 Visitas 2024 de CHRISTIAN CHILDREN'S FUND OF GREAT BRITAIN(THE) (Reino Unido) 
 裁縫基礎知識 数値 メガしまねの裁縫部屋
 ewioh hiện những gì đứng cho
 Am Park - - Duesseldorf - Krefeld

□ □ □ □ □

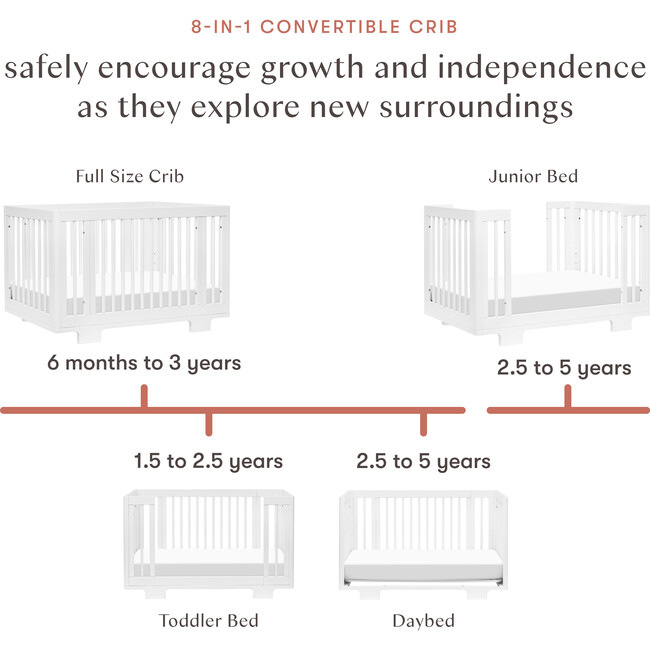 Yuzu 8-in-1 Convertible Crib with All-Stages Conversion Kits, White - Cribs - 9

□ □ □ □ □

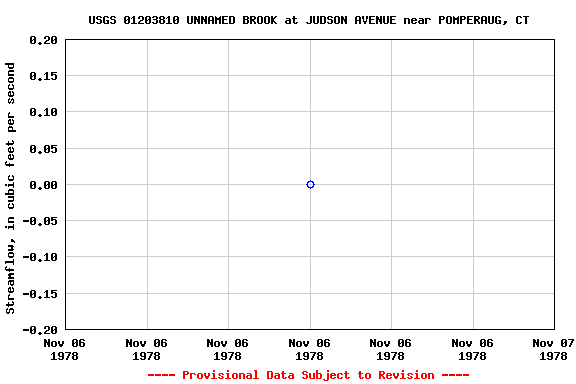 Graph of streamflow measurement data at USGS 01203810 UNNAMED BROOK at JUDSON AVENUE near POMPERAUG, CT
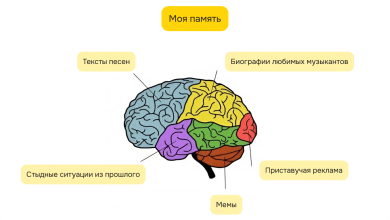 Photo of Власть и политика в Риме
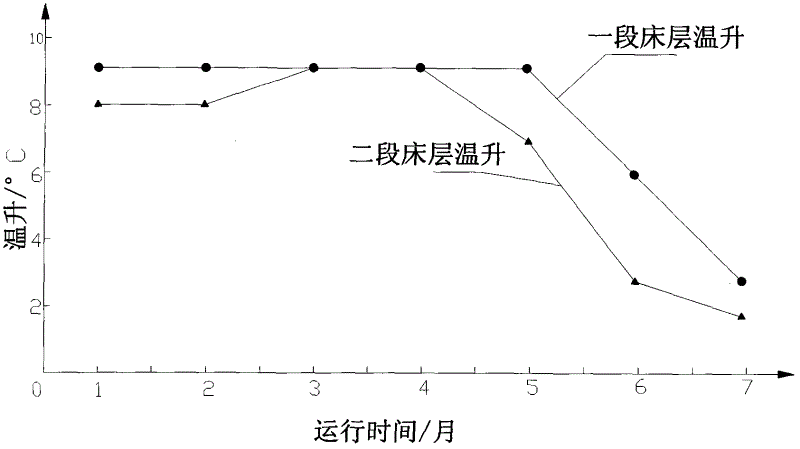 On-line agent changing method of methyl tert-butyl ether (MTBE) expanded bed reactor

□ □ □ □ □

### Activity
Using the data above, return the lines from the one holding "Graph of streamflow" through the one holding "On-line agent changing" exactly, but not the pictures.

### The completed task
 Graph of streamflow measurement data at USGS 01203810 UNNAMED BROOK at JUDSON AVENUE near POMPERAUG, CT
 Photo of Власть и политика в Риме
 On-line agent changing method of methyl tert-butyl ether (MTBE) expanded bed reactor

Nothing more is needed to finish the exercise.